Why We Created SRT and the Difference Between SRT and UDT

Editor’s Note: This post originally appeared on the GitHub Wiki for SRT. It has been slightly modified for formatting. 

Some people have asked us why we’re using the UDT library within our SRT protocol. Actually, some people claimed that SRT is just a slightly modified version of UDT and that UDT is known to be useless for live video transmission. Guess what, the latter is true. UDT has been designed for high throughput file transmission over public networks. However, SRT is far from being a slightly modified version of UDT. I’ll get into the details, but will start with a little bit of history.

Haivision has always been known for lowest latency video transmission across IP based networks — typically MPEG-TS unicast or multicast streams over the UDP protocol. This solution is perfect for protected networks and if packet loss became a problem, enabling forward error correction (FEC) fixed it. At some point we were getting questioned as to whether it would be possible to achieve the same latency between customer sites in different locations, between different cities, countries or even continents.

Of course it’s possible with satellite links or dedicated MPLS networks, but those are quite expensive solutions, so people wanted to use their public internet connectivity instead. While it’s possible to go with FEC in some cases, that’s not a reliable solution, as the amount of recoverable packet loss is limited, unless you accept a significant amount of bandwidth overhead.

After evaluating the pros and cons of different third party solutions, we found that none satisfied all our requirements. The lack of insight into the underlying technology drove us to the the decision to develop our own solution, which we then could deeply integrate into products. That way, it would become the “glue” that enables us to transmit streams between all our different products, locally or across far distances, while maintaining our low latency proposition.

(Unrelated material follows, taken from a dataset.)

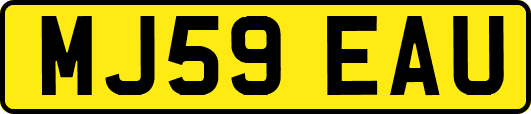 MJ59EAU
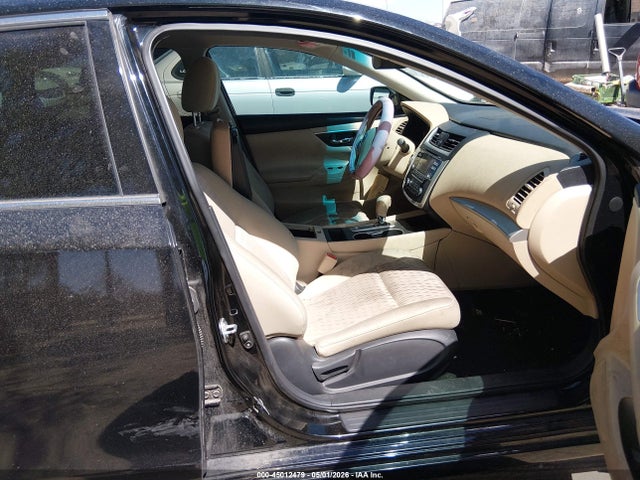 45012479 :رقم المزاد ، 1N4AL3AP8GN340850 vin ، 2016 Nissan Altima 2.5 S مزاد بيع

There were a few of possible choices to consider:

  • The TCP based approach. Problem for live streaming: Network congestion, too slow packet loss recovery.
  • The UDP based Approach. General problem: Packet loss, jitter, packet re-ordering, delay
  • Reliable UDP. Adds framing and selective retransmit.

Having had a history with UDT for data transmission, I remembered its packet loss recovery abilities and just started playing with it. Though not designed for live streaming at all, it kind of worked when using really big buffers. I handed it over to one of our extremely talented networking guys in the embedded software team (thanks, Jean!) and asked him whether he’d be able to make this a low latency live streaming solution. I didn’t hear anything back for quite a while and had almost lost my hope, when he contacted me to tell me he had to rewrite the whole packet retransmission functionality in order to be able to react to packet loss immediately when it happens and that he added an encryption protocol, which he had specified and implemented for other use cases before. Nice 🙂

We started testing sending low latency live streams back and forth between Germany and Montreal and it worked! However, we didn’t get the latency down to a level we had hoped to achieve. The problem we faced turned out to be timing related (as it often is in media).

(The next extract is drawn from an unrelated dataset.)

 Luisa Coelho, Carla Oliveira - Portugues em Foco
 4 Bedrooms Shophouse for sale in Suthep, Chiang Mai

What happened was this: Bad Signal

The characteristics of the original stream on the source network got completely changed by the transmission over the public internet. The reasons are delay, jitter, packet loss and its recovery on the dirty network. The signal on the receiver side had completely different characteristics, which led to problems with decoding, as the audio and video decoders didn’t get the packets at the expected times. This can be handled by buffering, but that’s not what you want in low latency setups.

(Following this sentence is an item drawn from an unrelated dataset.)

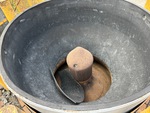 Feeder with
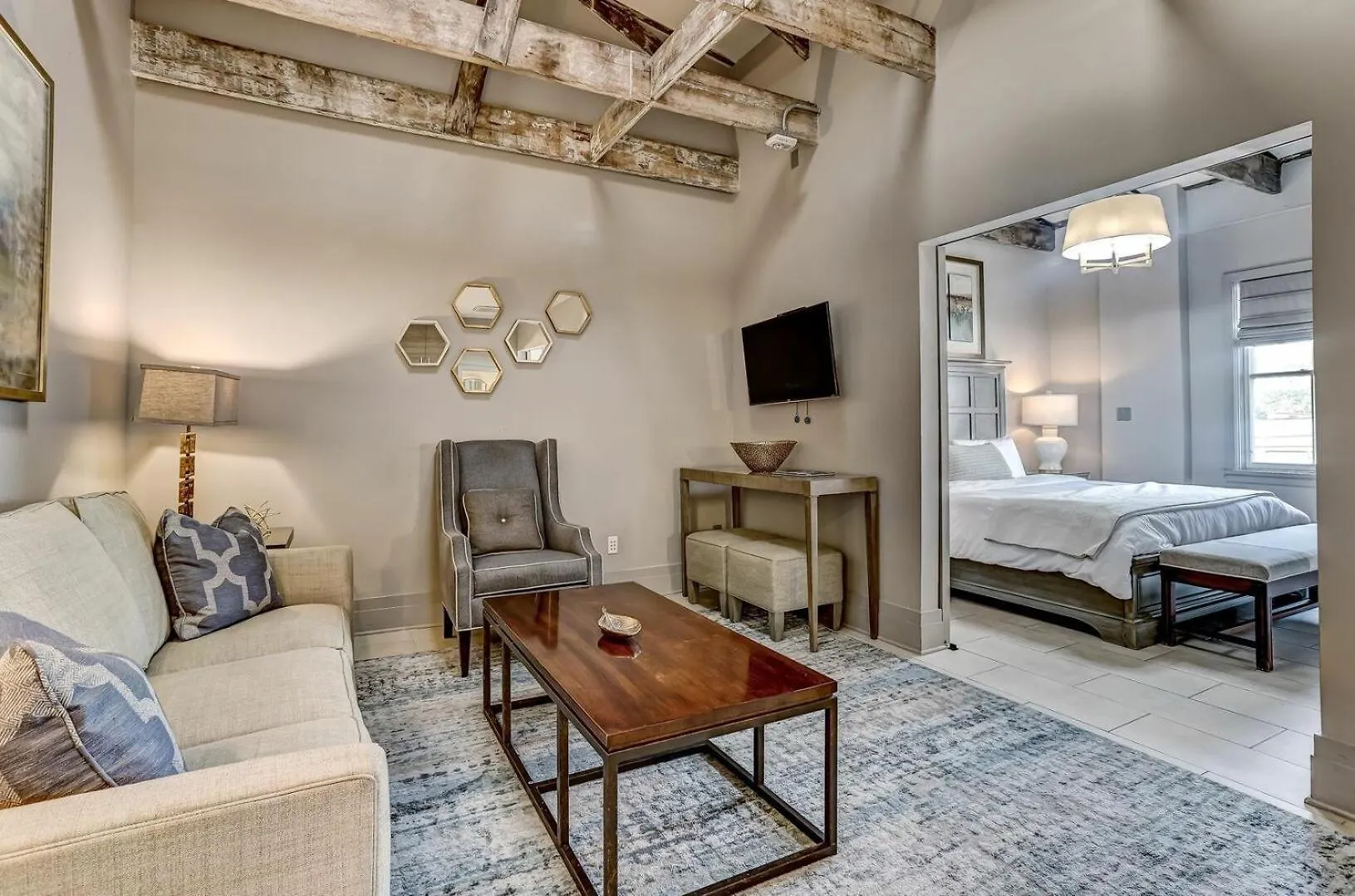Parker's Collection Estate Apartment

The solution was to come up with a mechanism that recreates the signal characteristics on the receiver side. That way we were able to dramatically reduce the buffering. This functionality is part of the SRT protocol itself, so once the data comes out of the SRT protocol on the receiver side, the stream characteristics have been properly recovered.

The result is a happy decoder: Good Signal

We publicly showed SRT (Secure Reliable Transport) for the first time at IBC 2013, where we were the only ones to show an HEVC encoded live stream, camera to glass, from a hotel suite outside the exhibition directly onto the show floor, using the network provided by the RAI. Everybody who has been at a show like this knows how bad these networks can get. And the network was bad. So bad that we expected the whole demo to fall apart, having pulled the first trial version of SRT directly from the labs. The excitement was huge, when we realized that the transmission still worked fine!

Since then, we added SRT to all our products, enabling us to send high quality, low latency video from and to any endpoint, including our mobile applications. Of course there were improvements to be made and the protocol matured on the way. Until NAB 2017, where we announced that SRT is now Open Source.